YOUR ASSIGNMENT ▸ Without including any picture, repeat the records below exactly.

-*-

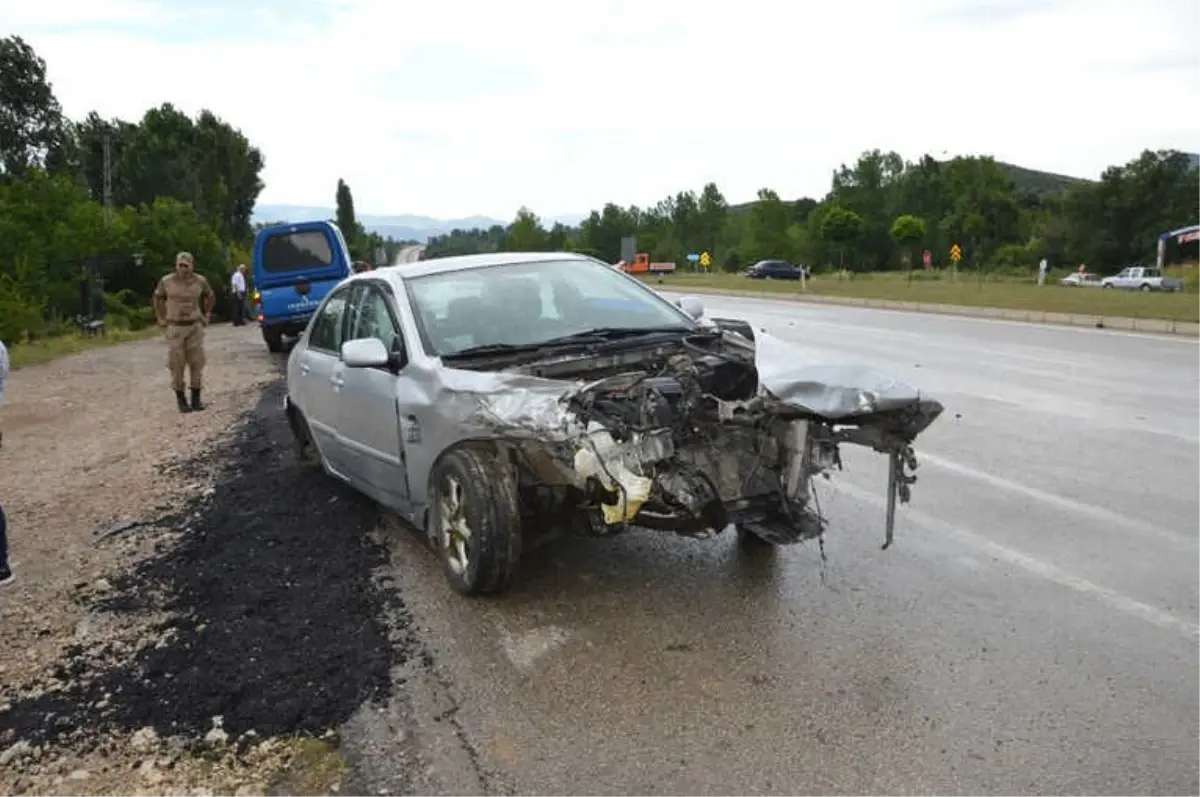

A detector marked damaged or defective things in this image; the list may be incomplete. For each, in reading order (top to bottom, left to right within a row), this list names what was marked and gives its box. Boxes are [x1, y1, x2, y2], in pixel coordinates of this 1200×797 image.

severely damaged car [286, 252, 944, 592]
crumpled front end [436, 324, 944, 548]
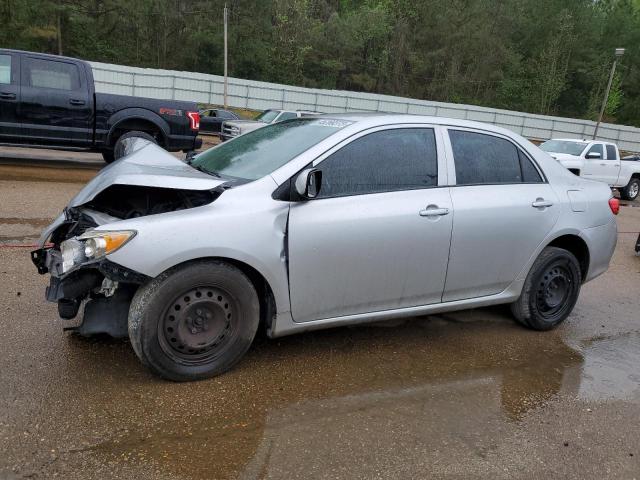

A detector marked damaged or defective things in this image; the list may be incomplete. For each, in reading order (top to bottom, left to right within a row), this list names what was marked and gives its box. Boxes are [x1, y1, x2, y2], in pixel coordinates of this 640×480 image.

crumpled hood [68, 140, 225, 205]
broken headlight housing [60, 230, 136, 272]
exposed headlight [60, 230, 136, 272]
damaged silver car [31, 114, 620, 380]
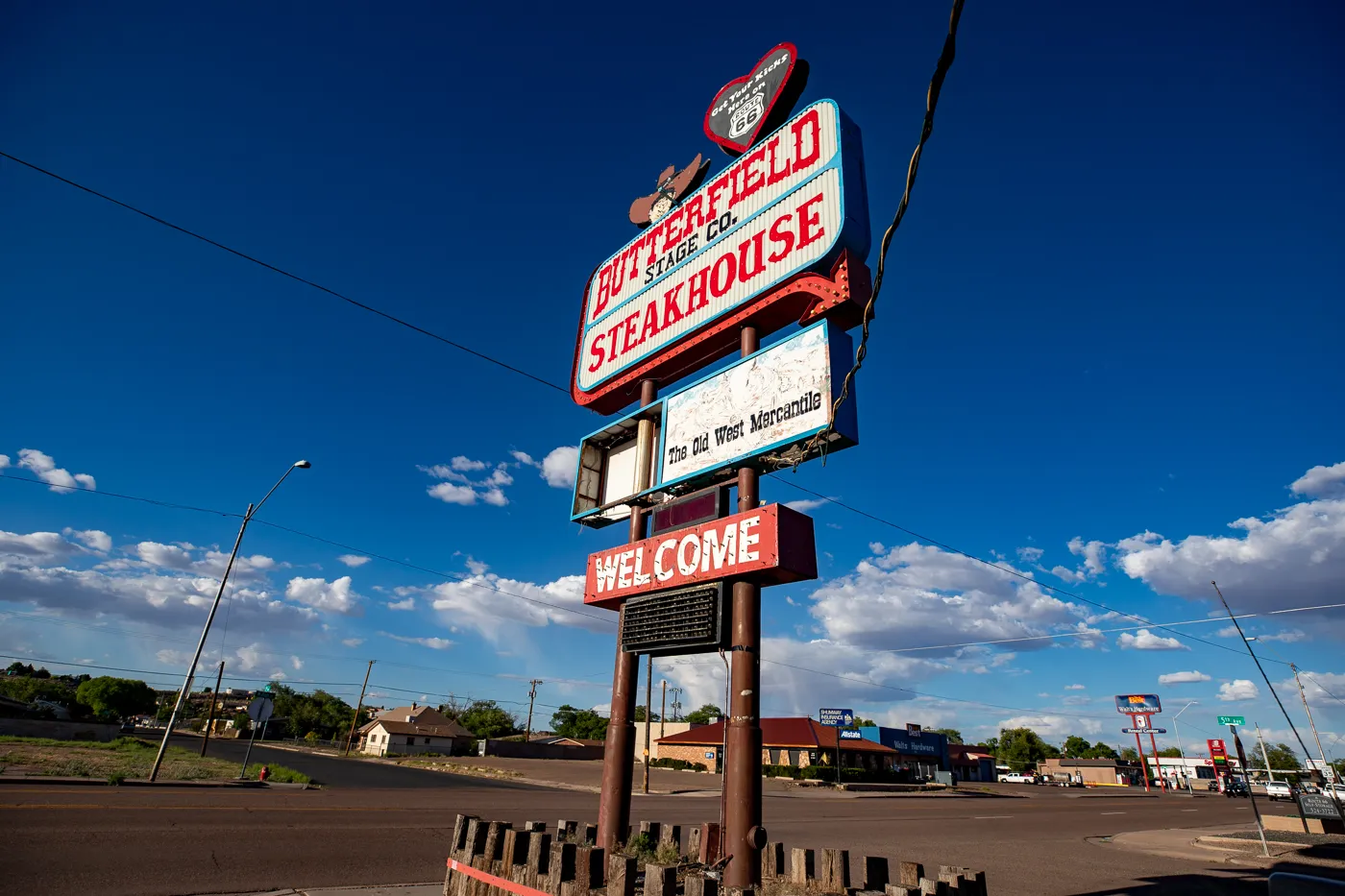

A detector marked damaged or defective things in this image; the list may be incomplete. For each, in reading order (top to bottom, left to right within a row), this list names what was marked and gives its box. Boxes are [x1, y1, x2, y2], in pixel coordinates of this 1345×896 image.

rusty metal pole [603, 376, 661, 845]
rusty metal pole [730, 327, 761, 887]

-*-

WRITTEN SOLUTION ▸
A detector marked damaged or defective things in this image; the list may be incomplete. For each, in reading order (top to bottom, left to right within a row), this list names what was marked and gives its box. Boxes are [x1, y1, x2, y2], in pixel coordinates of this 1200×797 image.

severely damaged car [286, 252, 944, 592]
crumpled front end [436, 324, 944, 548]

A detector marked damaged or defective things in this image; the list may be incomplete. For each, in reading order (top to bottom, left to right within a row), this list names what was marked and gives its box. Boxes are [x1, y1, x2, y2], in pixel coordinates of this 640×480 image.

crumpled hood [68, 140, 225, 205]
broken headlight housing [60, 230, 136, 272]
exposed headlight [60, 230, 136, 272]
damaged silver car [31, 114, 620, 380]

A detector marked damaged or defective things in this image; the list may be incomplete. For each, in reading order (top to bottom, left to right within a row), this list names what was marked and gives its box. Boxes are [x1, y1, x2, y2], in pixel coordinates of this 1345×896 image.

rusty metal pole [603, 376, 661, 845]
rusty metal pole [730, 327, 761, 887]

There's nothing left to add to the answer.